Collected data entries

%%

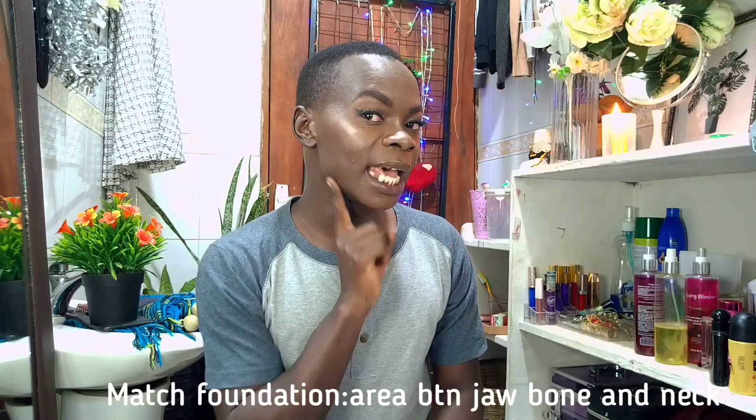The first tip: never match your foundation along your forehead or the center of your face. When you are buying foundation from any seller, match it along this line — just between your jawbone and your neck area. This is very important because most of the time different parts of our face are lighter. This part actually resembles your true skin tone most closely, making it easier to highlight with concealer and match well overall.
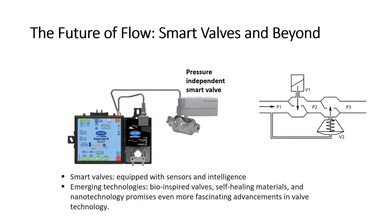Finally, it is worth noting that there is continuous development in the valves world. Research into bio-inspired valves, self-healing materials, and nanotechnology promises even more fascinating advancements in valve technology.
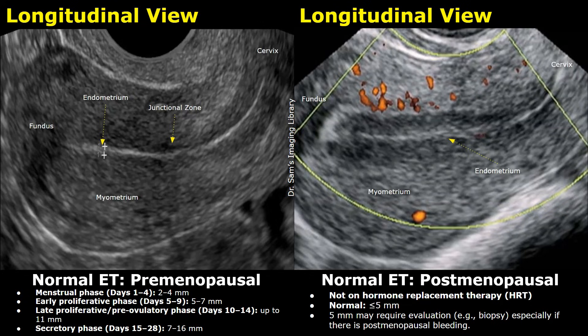By the late proliferative or pre-ovulatory phase, which is from day 10 to 14, estrogen stimulates further growth and the endometrium can reach up to 11 mm. During the secretory phase, from days 15 to 28, under the influence of progesterone, the endometrium becomes even thicker, ranging from 7 to 16 mm, and appears more echogenic due to increased glandular activity and stromal edema, preparing for possible implantation.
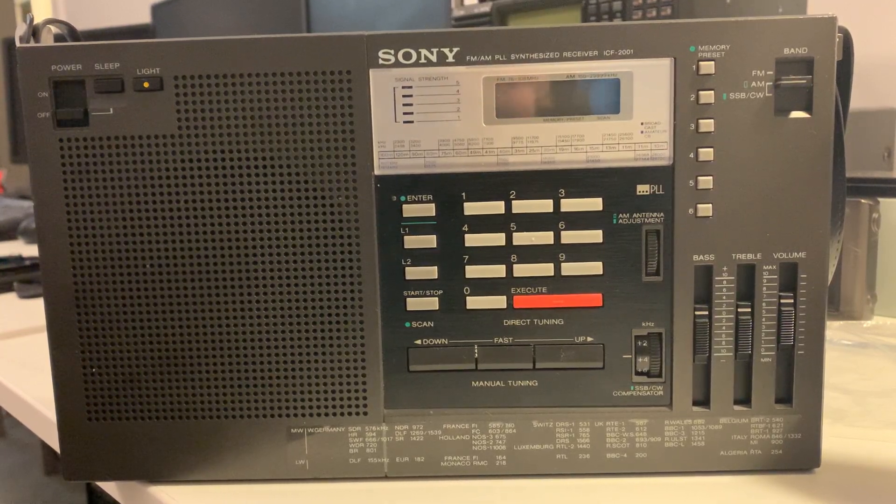Hi everyone, welcome to the shack again. More bad news — my Sony ICF-2001 portable shortwave receiver has finally given up the ghost. It's died. I only paid £50 for it on eBay a few years ago, so it's no great loss, but still sad nevertheless. There is a bit of a backstory to it.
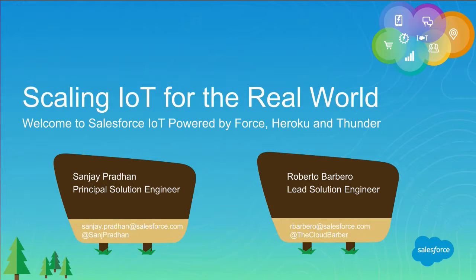Good afternoon everybody and welcome to Dreamforce. My name is Sanjay Pradhan and this is my colleague Roberto Barbero. We've flown over from the UK where we work in the IOT practice, and today's talk is aimed at architects, developers, and anyone interested in what Salesforce has in terms of platforms for IOT.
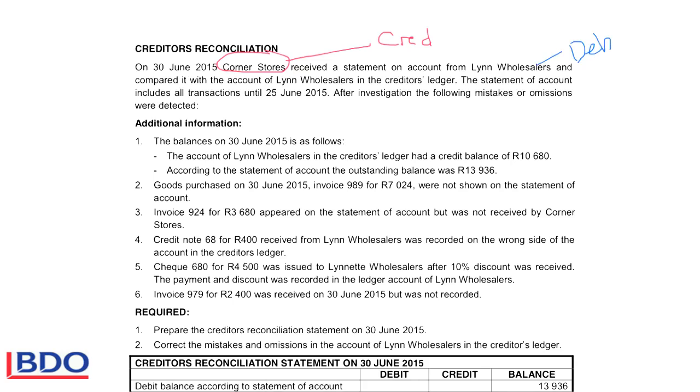In the books of Corner Stores, when they buy goods, the creditors will increase on the credit side. In the books of Lynn Wholesalers, when they sell goods, they will increase it on the debit side of the debtor's ledger. The balance in the creditors ledger has a balance of 10,680, so according to the books of Corner Stores, they owe 10,680 to Lynn Wholesalers.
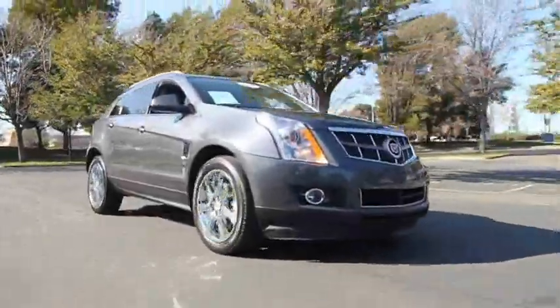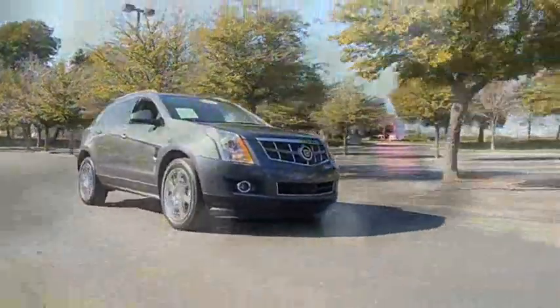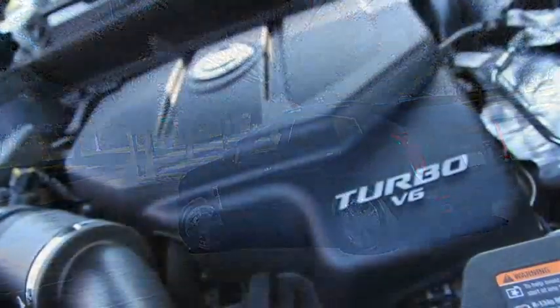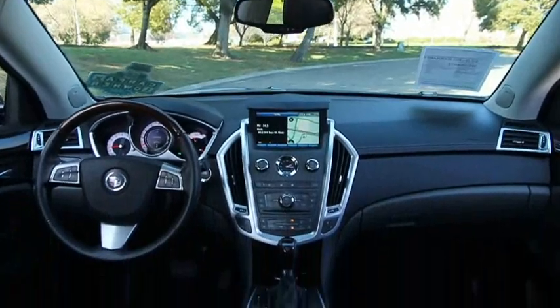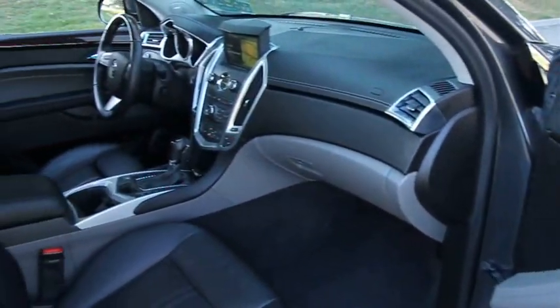Up for sale is a 2011 Cadillac SRX SUV, grey flannel metallic exterior on black leather with only 17,000 miles on the clock. The clean Carfax shows one previous owner and is also buyback guaranteed. This SUV is powered by a turbo V6 producing 300 horsepower.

%%

[ACTION ITEM] Keep the pictures out of your answer, which should be the lines from the one with "Good afternoon everybody" through the final line of the data, copied exactly.

[TASK ANSWER]
Good afternoon everybody and welcome to Dreamforce. My name is Sanjay Pradhan and this is my colleague Roberto Barbero. We've flown over from the UK where we work in the IOT practice, and today's talk is aimed at architects, developers, and anyone interested in what Salesforce has in terms of platforms for IOT.
In the books of Corner Stores, when they buy goods, the creditors will increase on the credit side. In the books of Lynn Wholesalers, when they sell goods, they will increase it on the debit side of the debtor's ledger. The balance in the creditors ledger has a balance of 10,680, so according to the books of Corner Stores, they owe 10,680 to Lynn Wholesalers.
Up for sale is a 2011 Cadillac SRX SUV, grey flannel metallic exterior on black leather with only 17,000 miles on the clock. The clean Carfax shows one previous owner and is also buyback guaranteed. This SUV is powered by a turbo V6 producing 300 horsepower.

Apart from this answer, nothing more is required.